After 9/11, flight schools across the country were forced to temporarily close their doors. But insurance and employees still had to be paid, planes had to be maintained. Air East's flight school was losing $50,000 a month. Afraid their company might go under, co-owners Maureen and Mike Tarascio applied for the first Small Business Administration Economic Injury Disaster Loan, and began to shift their focus from the flight school to the charter operations. The move put the company back on track and enabled them to keep all their 30 employees. "When you have lemons, make lemonade," says Maureen.
Flight schools were closed after the terrorist attacks, but charter companies were blossoming. Security changes were causing more delays and cancellations with large airlines. "[Charters] became a very popular thing with executive flying," says Tarascio.
People were frustrated with the airlines, and scared. If they chartered a plane, they felt assured their luggage was being checked and they were the only ones on the plane, explained Clifton Stroud, director of communications and media for National Air Transportation Association (NATA). "It made them feel a little more safe," he says. Since 9/11 there has been a 20- to 40-percent increase in people flying charter.

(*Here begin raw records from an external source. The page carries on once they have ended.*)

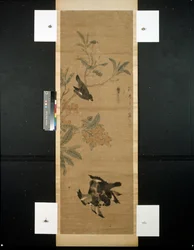 Oiseaux et branche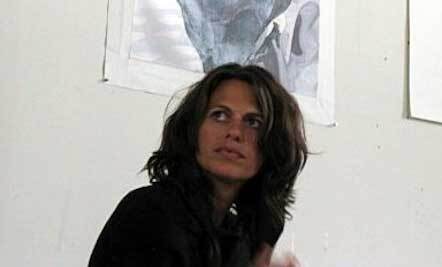 Headshot of poet Anna Moschovakis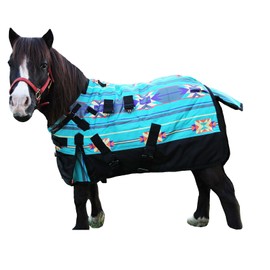 CHALLENGER 58" 1200D Miniature Weanling Donkey Pony Horse Foal Winter Blanket 51988B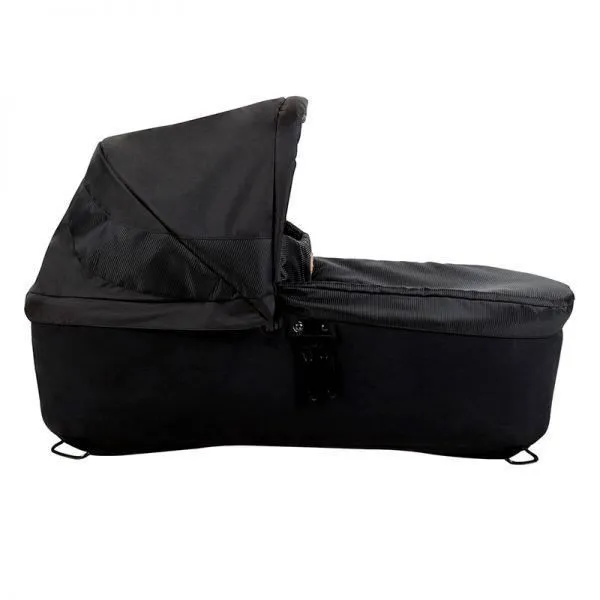 Nacelle - MOUNTAIN BUGGY - Carrycot Plus - Noir - Groupe 0 - Inclinable - Compatible poussette-0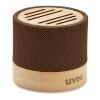 Bamboo RPET wireless speaker Chocolate | No Branding | not available | not available | not available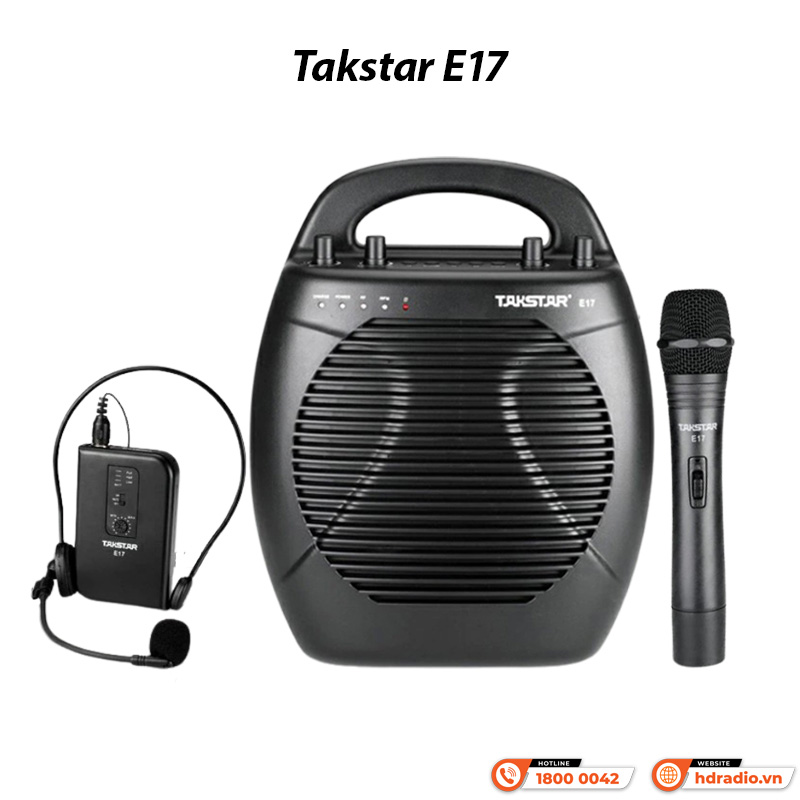Loa trợ giảng xách tay Takstar E17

While Air East survived, an estimated 20 percent of flight schools were not as lucky and had to close their doors for good, according to David Kennedy, manager for government and industry affairs for NATA. Flight schools have a "thin profit margin," Stroud adds.
Many flight schools are owned by "fixed based operators" (FBO), which means that they not only teach flying, but charter planes, do maintenance and repair and supply gas. In the wake of 9/11, many FBOs found the increase in insurance and restrictions were too costly, says NATA's Kennedy. Washington D.C. and New York airports were hit hardest because of their proximity to the disasters. They were restricted far longer than air operators in the rest of the U.S.

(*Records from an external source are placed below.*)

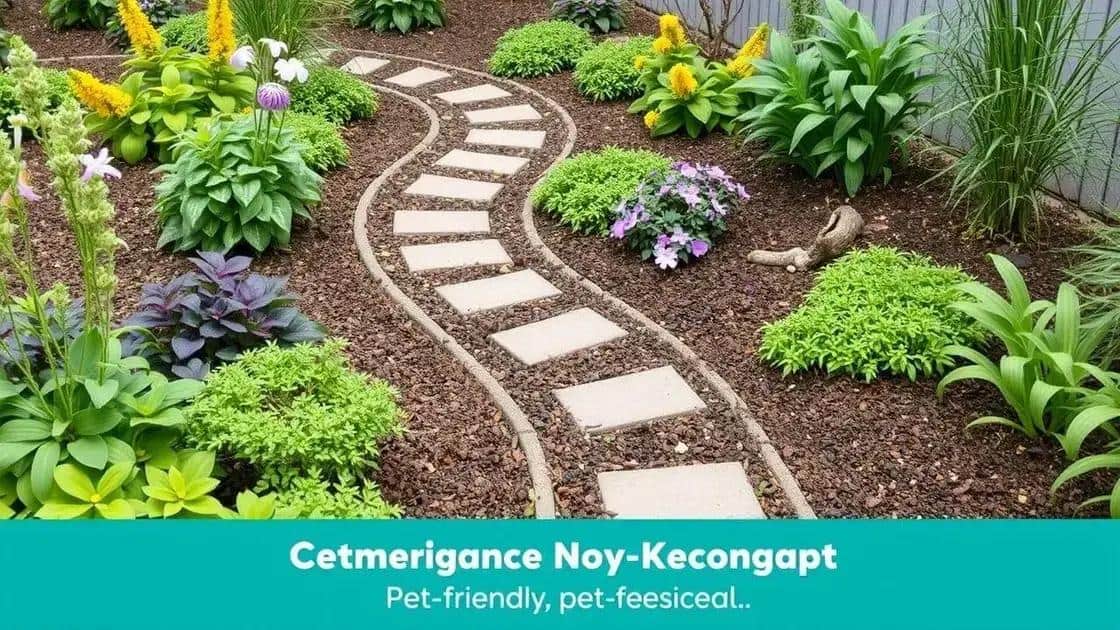 Dicas de manutenção para um jardim sensorial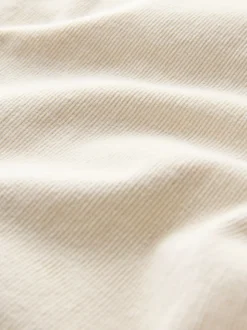 The Set 2 Pack Cord Wide Leg Jeans Cream/Black
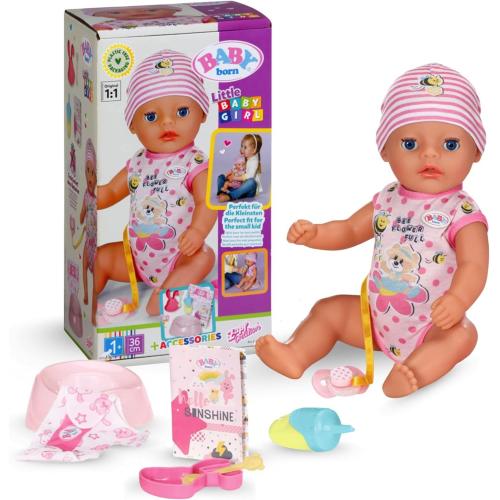 BABY BORN LENA CUIDADITOS 36CM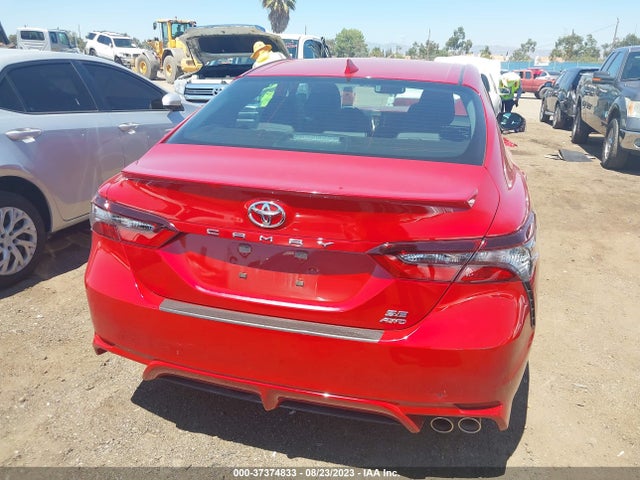 Toyota CAMRY SE 2022 4T1T11BK8NU061851 Image 16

But the flight school was a passion for the Tarascios, who founded it after Mike bought his first plane in 1982. They now own 11 planes for the flight school and four charter planes.

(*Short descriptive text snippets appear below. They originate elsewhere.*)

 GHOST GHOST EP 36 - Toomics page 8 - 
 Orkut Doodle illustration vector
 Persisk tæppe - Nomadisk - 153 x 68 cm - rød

If it had not been for the loan they received and the lobbying Maureen Tarascio did of Congress in October 2001, as secretary for Long Island Business Aviation Association, Air East may never have reopened its flight school doors. But even after the Federal Aviation Administration issued an air traffic waiver for Republic Airport on November 22, 2001, and Air East's doors had reopened, they didn't have a steady supply of students.
To bring back customers, they had to expand their offerings, adding a computer-testing center and a flight simulator for instrument students. The extra effort seems to have worked, since they are "seeing a resurgence of students and things are returning to normal," Maureen adds.
If a stronger business wasn't reward enough, Air East Airways was picked out of 500 potential recipients nominated to win the New York State Small Business Development Center's (SBDC) 2003 Entrepreneurs of the Year-Phoenix. "The award recognizes the capacity in small businesses to sustain major disasters and their ability to come back," Mike Ross, director of public relations of SBDC central office in Albany. "[Air East] are really an excellent example."